[Records for this exercise]

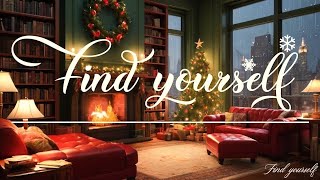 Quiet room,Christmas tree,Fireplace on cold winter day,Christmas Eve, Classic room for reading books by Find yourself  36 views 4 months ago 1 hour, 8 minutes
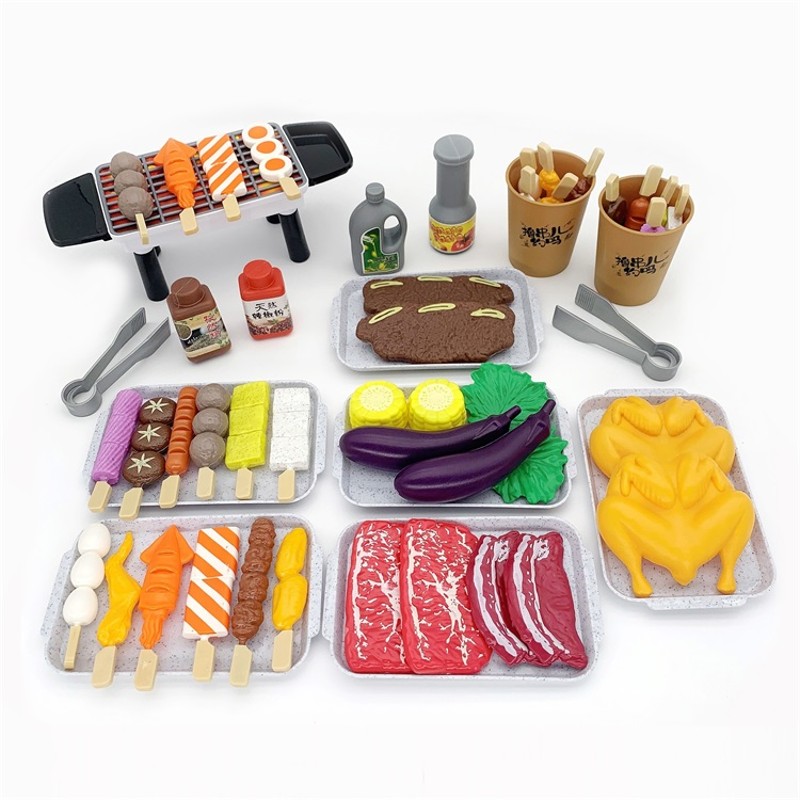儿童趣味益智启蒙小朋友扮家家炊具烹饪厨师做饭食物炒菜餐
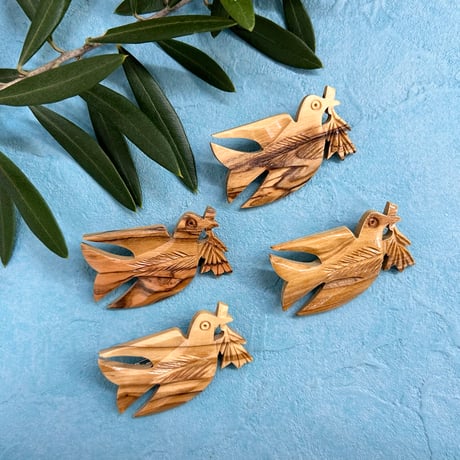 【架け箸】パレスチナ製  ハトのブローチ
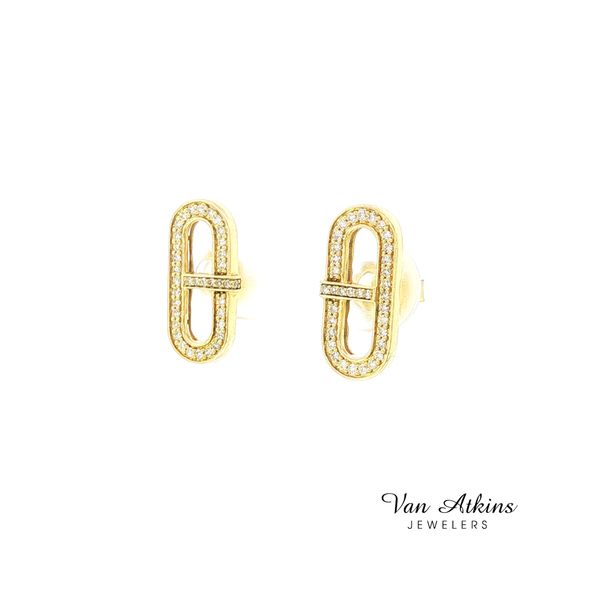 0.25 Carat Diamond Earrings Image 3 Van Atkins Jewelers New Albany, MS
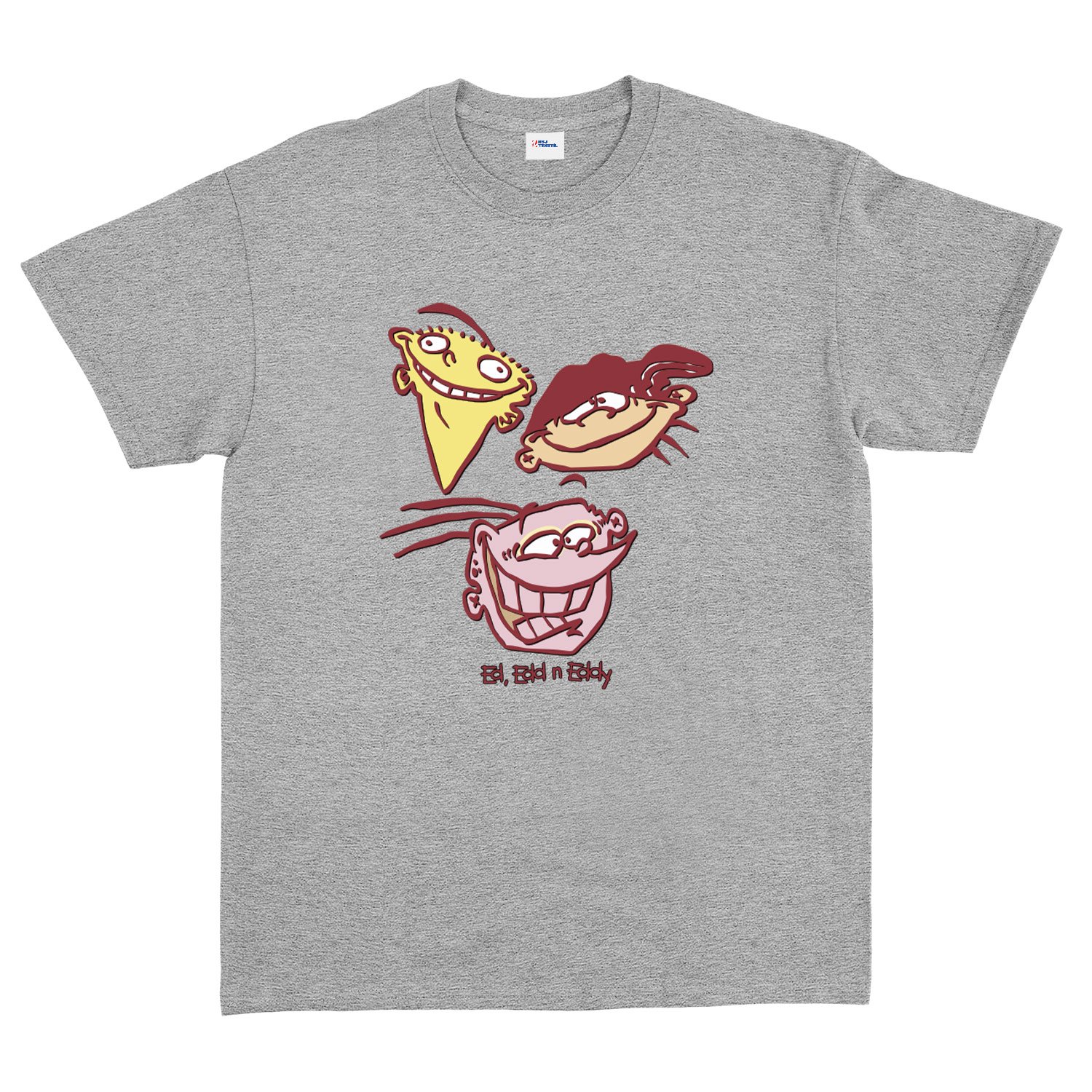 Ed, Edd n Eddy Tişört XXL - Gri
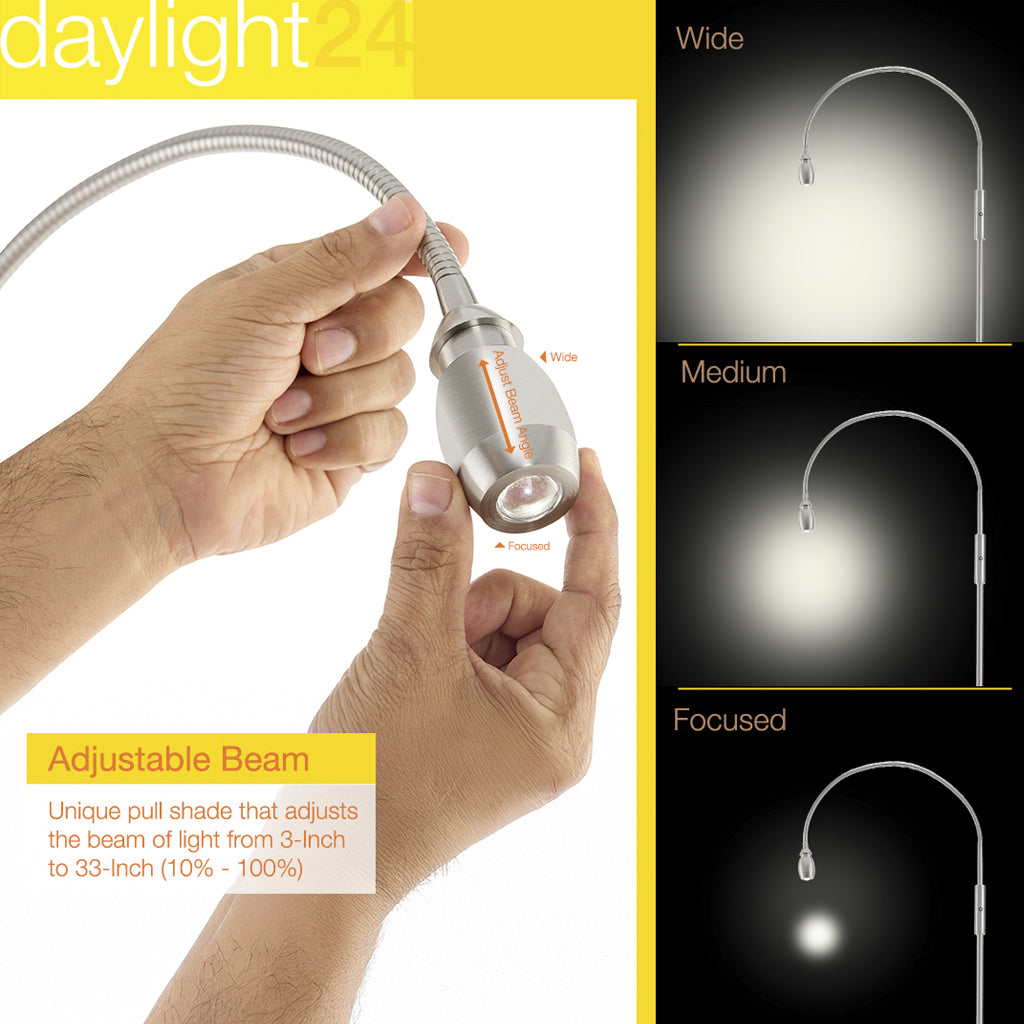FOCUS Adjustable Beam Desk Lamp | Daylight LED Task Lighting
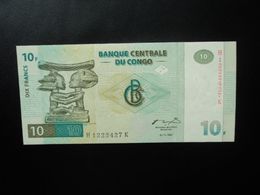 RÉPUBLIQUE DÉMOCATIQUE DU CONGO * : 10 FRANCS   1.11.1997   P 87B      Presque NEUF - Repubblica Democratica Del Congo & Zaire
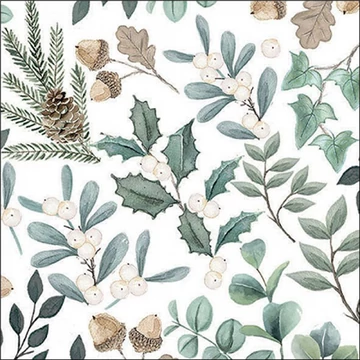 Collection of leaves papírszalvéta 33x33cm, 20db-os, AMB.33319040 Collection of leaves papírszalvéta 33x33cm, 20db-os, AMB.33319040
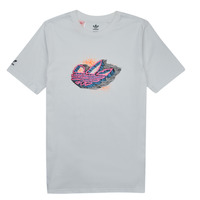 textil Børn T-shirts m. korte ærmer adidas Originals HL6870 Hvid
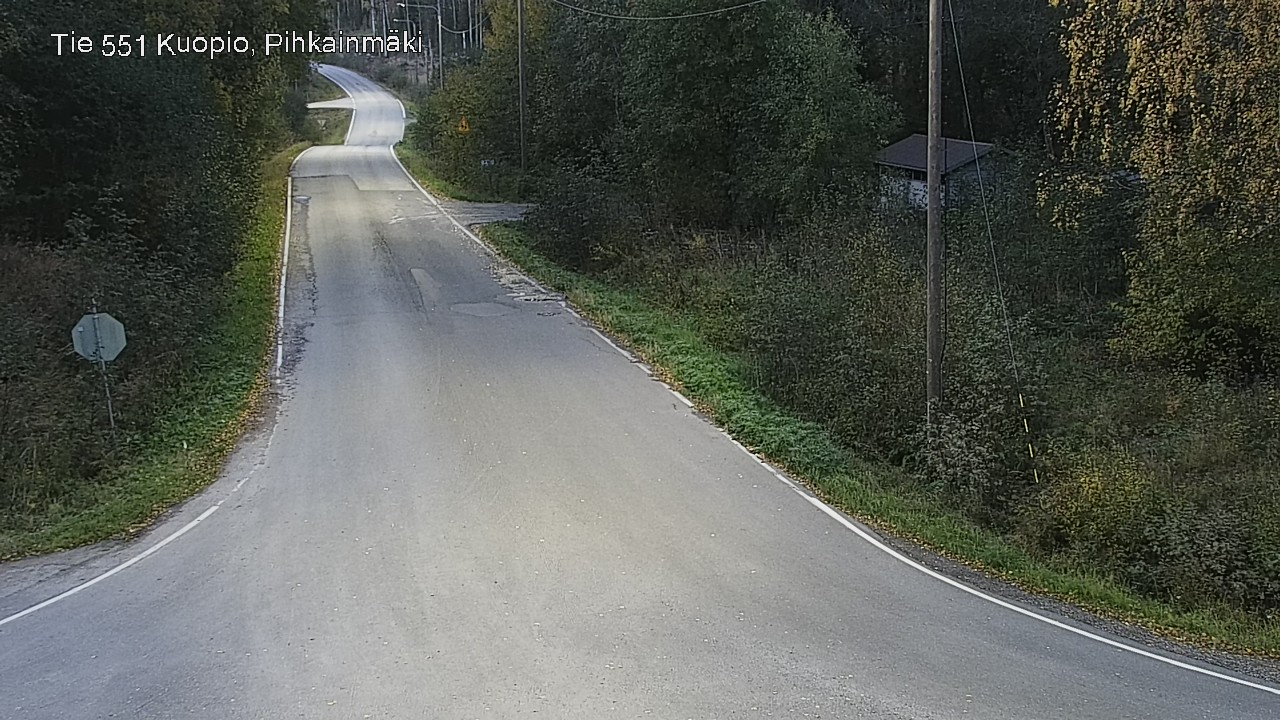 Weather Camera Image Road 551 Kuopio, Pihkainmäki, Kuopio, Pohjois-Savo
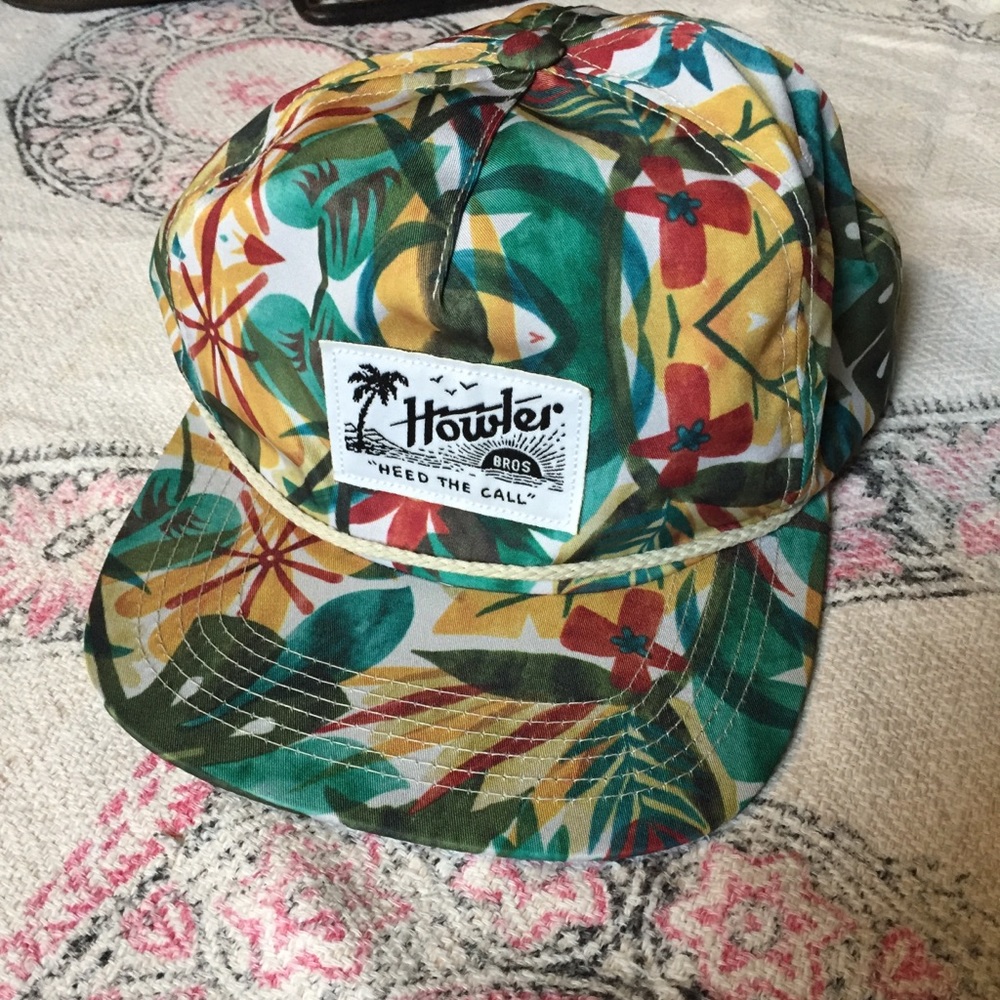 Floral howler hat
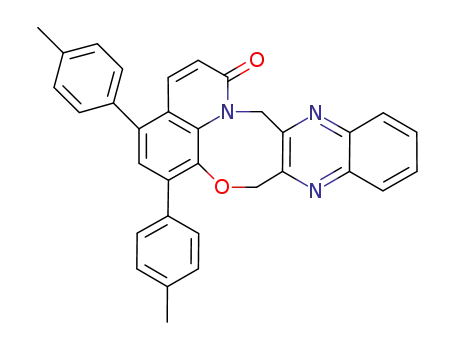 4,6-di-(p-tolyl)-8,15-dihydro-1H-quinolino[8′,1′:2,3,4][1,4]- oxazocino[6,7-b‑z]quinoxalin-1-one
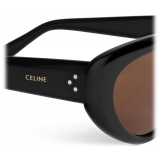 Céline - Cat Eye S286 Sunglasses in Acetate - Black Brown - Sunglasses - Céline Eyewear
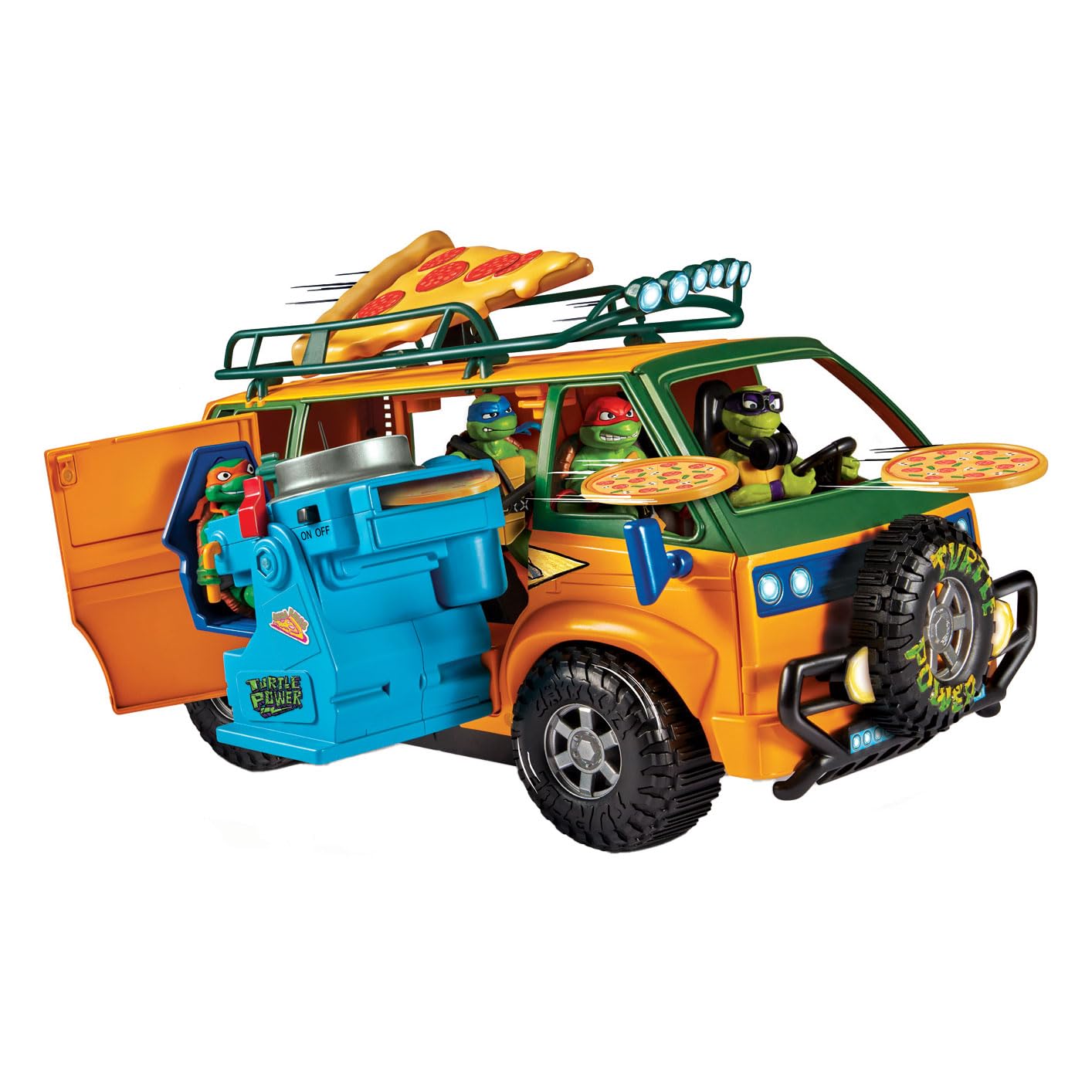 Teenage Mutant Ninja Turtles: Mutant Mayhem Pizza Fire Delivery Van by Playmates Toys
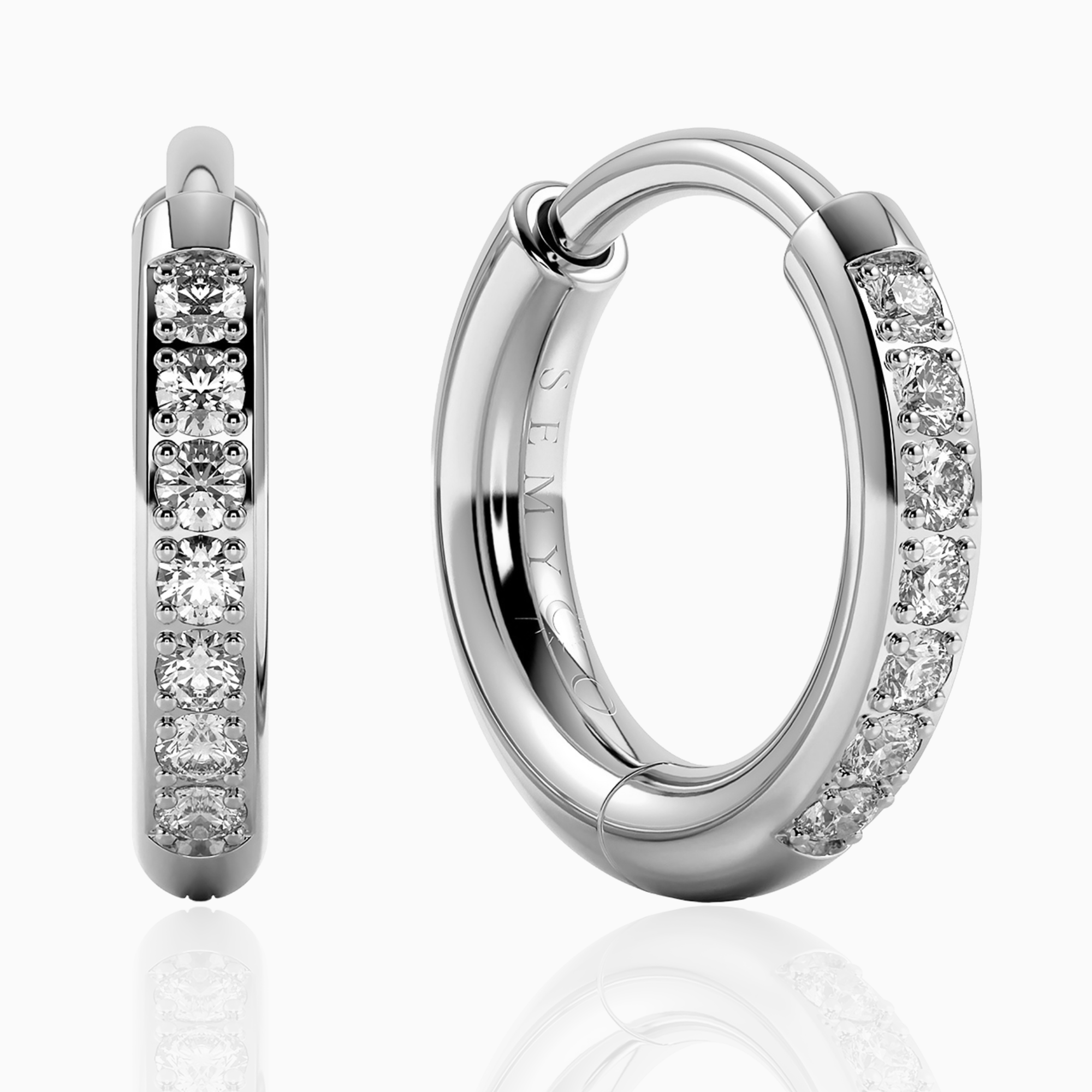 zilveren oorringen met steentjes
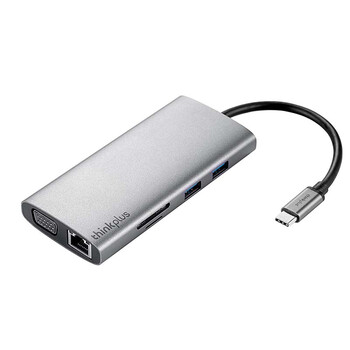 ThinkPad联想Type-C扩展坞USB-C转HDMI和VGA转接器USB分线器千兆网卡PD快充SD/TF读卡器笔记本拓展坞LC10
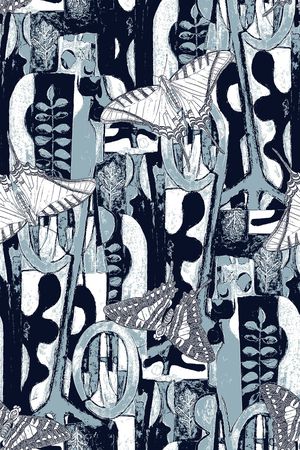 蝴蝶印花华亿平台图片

[/Records for this exercise]

To do >>
How would the lines above read from the one with "Weather Camera Image" to the one with "Teenage Mutant Ninja", inclusive, with no pictures? Write them out exactly.

Output of the task >>
 Weather Camera Image Road 551 Kuopio, Pihkainmäki, Kuopio, Pohjois-Savo
 Floral howler hat
 4,6-di-(p-tolyl)-8,15-dihydro-1H-quinolino[8′,1′:2,3,4][1,4]- oxazocino[6,7-b‑z]quinoxalin-1-one
 Céline - Cat Eye S286 Sunglasses in Acetate - Black Brown - Sunglasses - Céline Eyewear
 Teenage Mutant Ninja Turtles: Mutant Mayhem Pizza Fire Delivery Van by Playmates Toys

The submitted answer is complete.